Helping to build national institutions and formal structures that will perpetuate the mitigation program is an important element of the UN's initiative in providing disaster management assistance.
One of the most important long-term, sustainable aspects of disaster mitigation is the development of skills and technical capacitation in-country. Professional development and a pool of expertise in disaster mitigation techniques will allow longer term development of the issue. Helping to build national institutions and formal structures that will perpetuate the mitigation program is an important element of the UN's initiative in providing disaster management assistance. In a number of countries, the response to any individual disaster is to set up a special disaster committee to handle the emergency. At the end of the emergency or reconstruction, the committee or government department has the advantage of retaining these skills and experiences. This allows some emphasis to be switched from post-disaster assistance to pre-disaster preparedness.
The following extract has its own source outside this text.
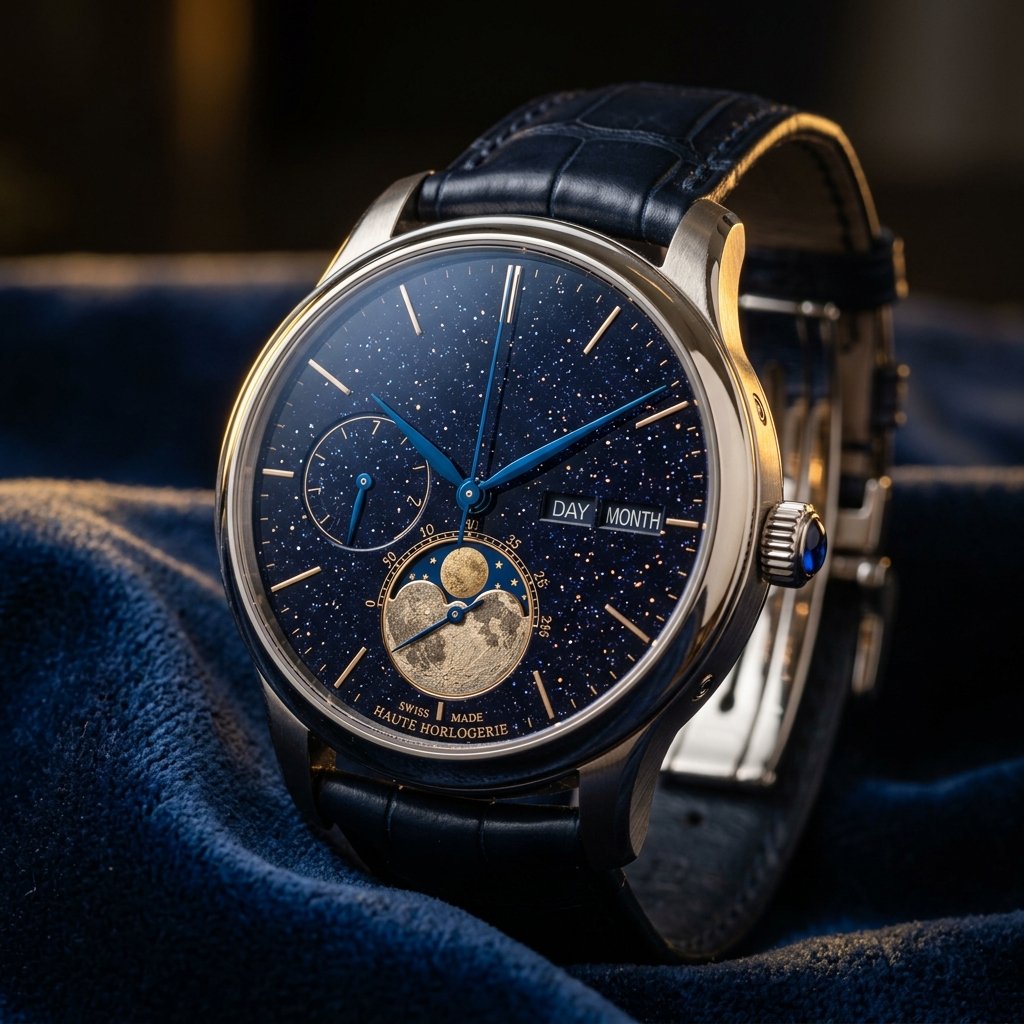 Kronos Céleste Moonphase Aventurine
Institutions which gather and analyze information are fundamental to the development of the skills required in any nation to reduce its risk against future disaster. Examples of institutions that would make up a national technical capability could include:
Hydraulics and hydrology laboratories
Industrial safety inspectorate
Chamber of architects
Institution of urban and regional planners
Associations of economists, geographers, social scientists
National standards committee
The hazard observatories are the first requirements for a national capability in hazard defence. Often these institutions have few resources and are perceived as low priority or as esoteric research institutes. Equipment needs may be critical. Observatories need networks of sophisticated instrumentation maintained in the field, and are likely to need advanced computing facilities and software to analyze results. Training of technicians and staff members in developments in instrumentation and scientific methods may be important. The output of the various professional institutions is often highly technical and there is a need to persuade technical specialists to present their findings in simplified forms, comprehensible to laymen and to professionals in other disciplines - the interdisciplinary interfaces are important in developing an integrated mitigation program.